Problem description:
Copy, with no pictures, the line that contains "EXCLUSIVA - Purple" and each line after it down to the end of the entries below, exactly.

Exercise data:
* * * * * * * * *

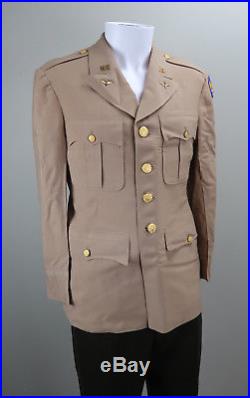 WWII Officer soldier dress uniform jacket USAF summer tan US Army Air force Corp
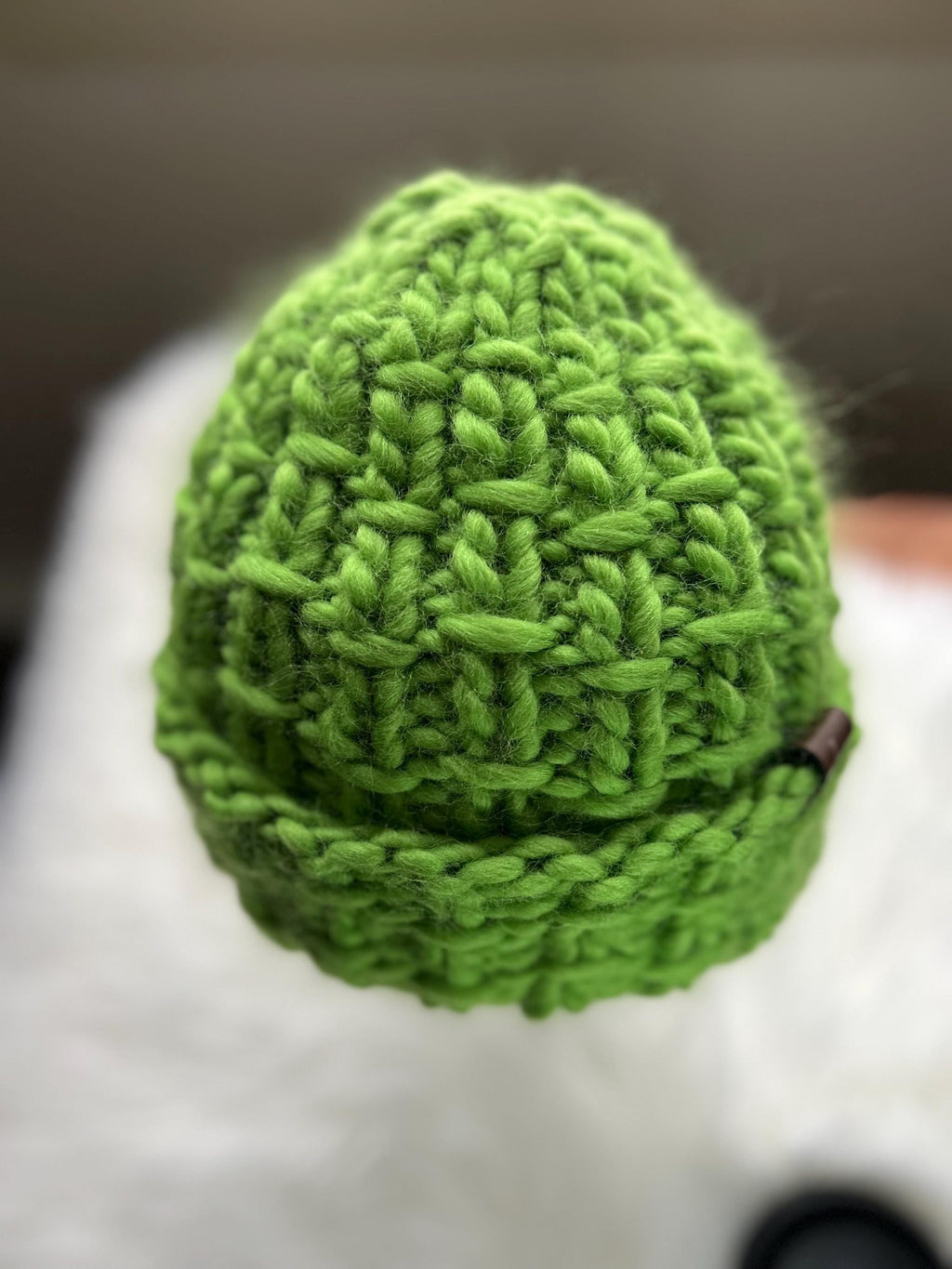 Handmade Green Wool Beanie: Chunky Knit Folded Brim, Made in Canada, bulky toque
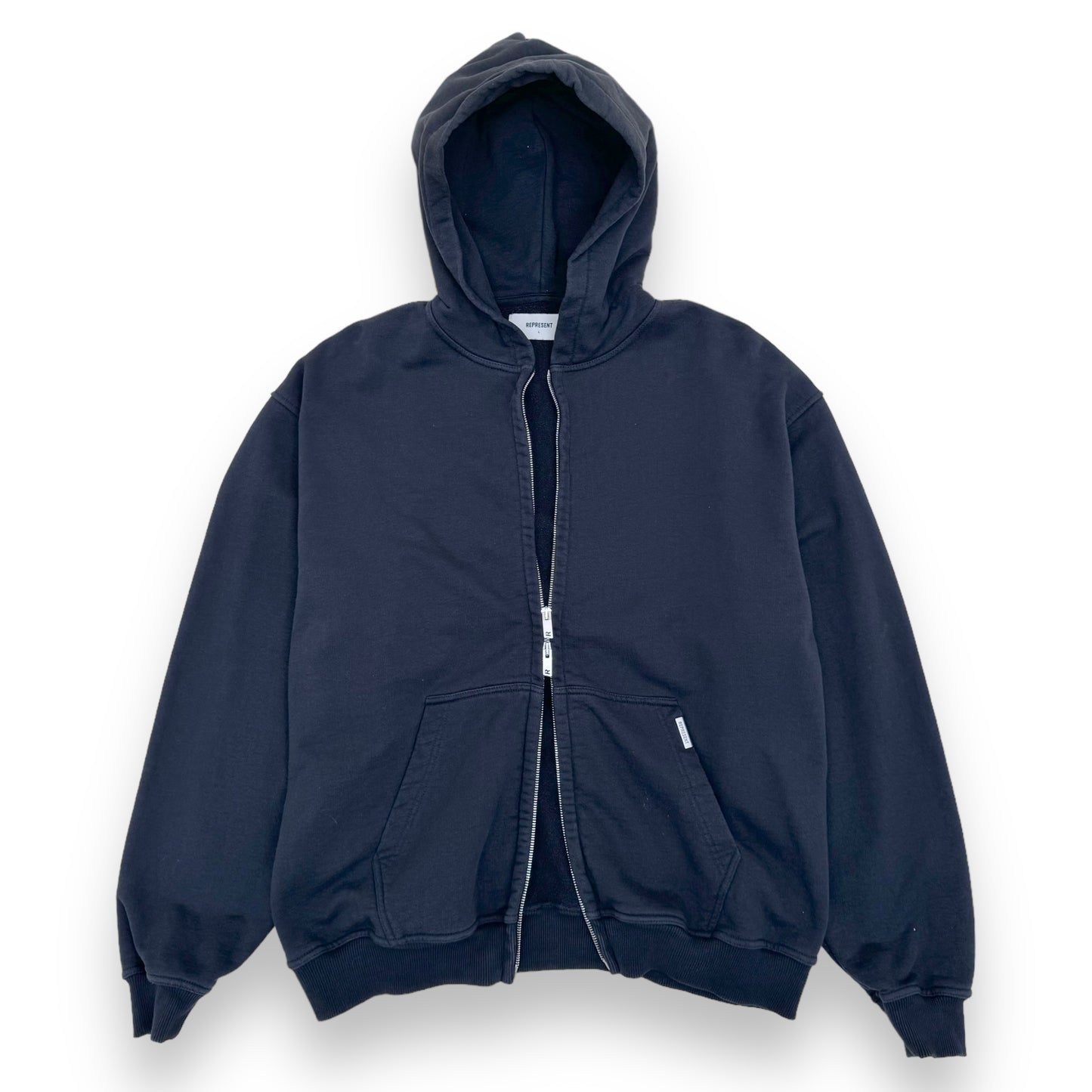 REPRESENT ZIP-UP BLANKS HOODIE NAVY L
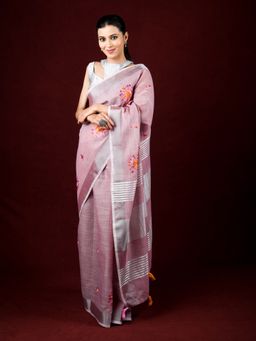 EXCLUSIVA - Purple Linen Saree Embroidery and Thread Work with Unstitched Blouse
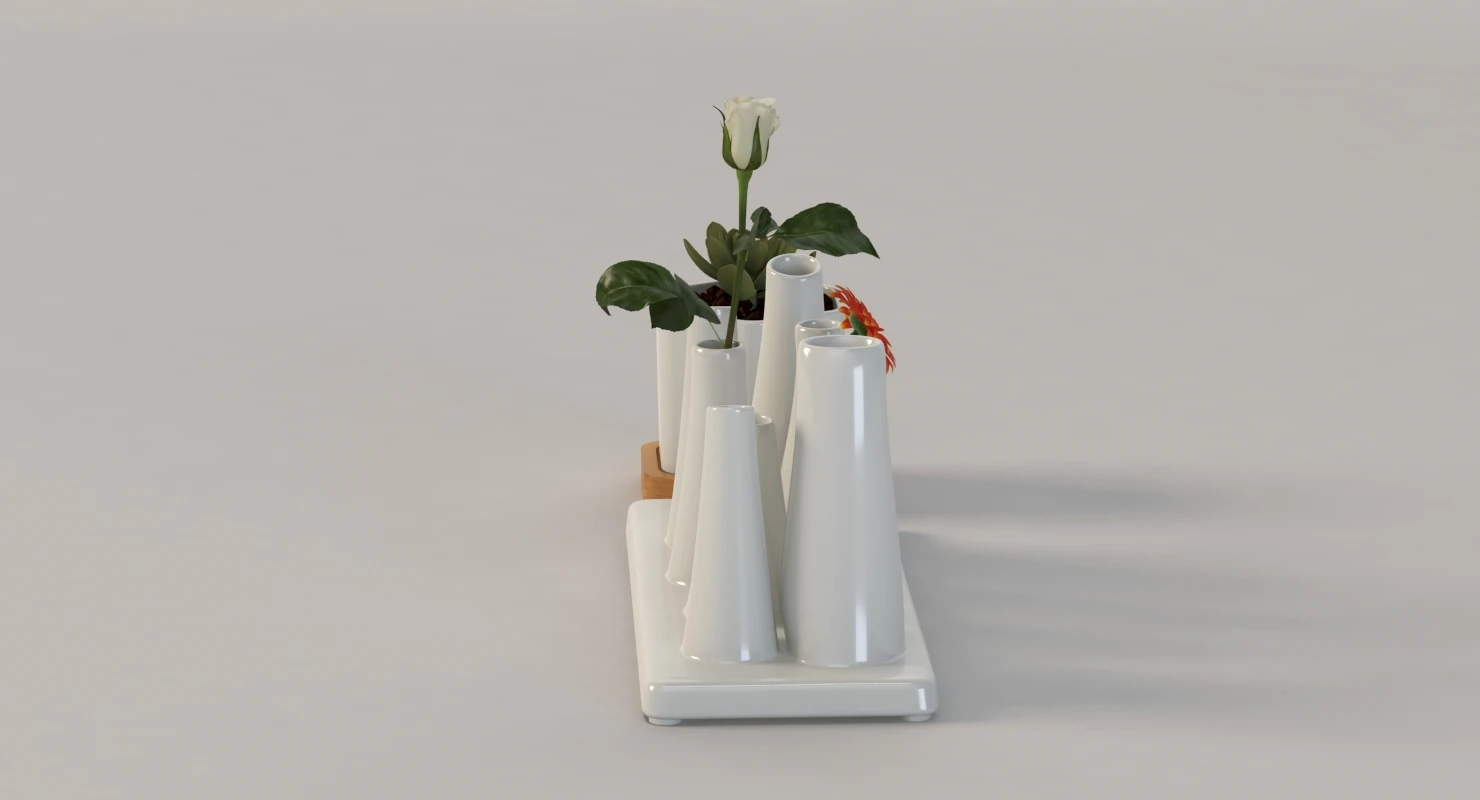 Trendy Ceramic Flower Vase for Table Top Centerpiece Decoration Collection 3D Model_06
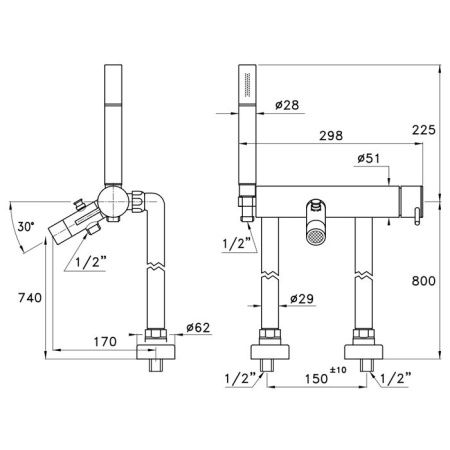 Stella Lucilla Напольный смеситель для ванны 3267CL306 с ручным душем, цвет: хром
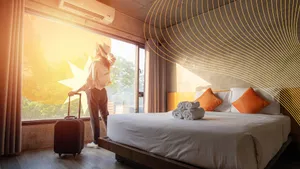 Lavish Vacation Hotel Room With Beach View Wallpaper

* * * * * * * * *

Result:
 EXCLUSIVA - Purple Linen Saree Embroidery and Thread Work with Unstitched Blouse
 Trendy Ceramic Flower Vase for Table Top Centerpiece Decoration Collection 3D Model_06
 Stella Lucilla Напольный смеситель для ванны 3267CL306 с ручным душем, цвет: хром
 Lavish Vacation Hotel Room With Beach View Wallpaper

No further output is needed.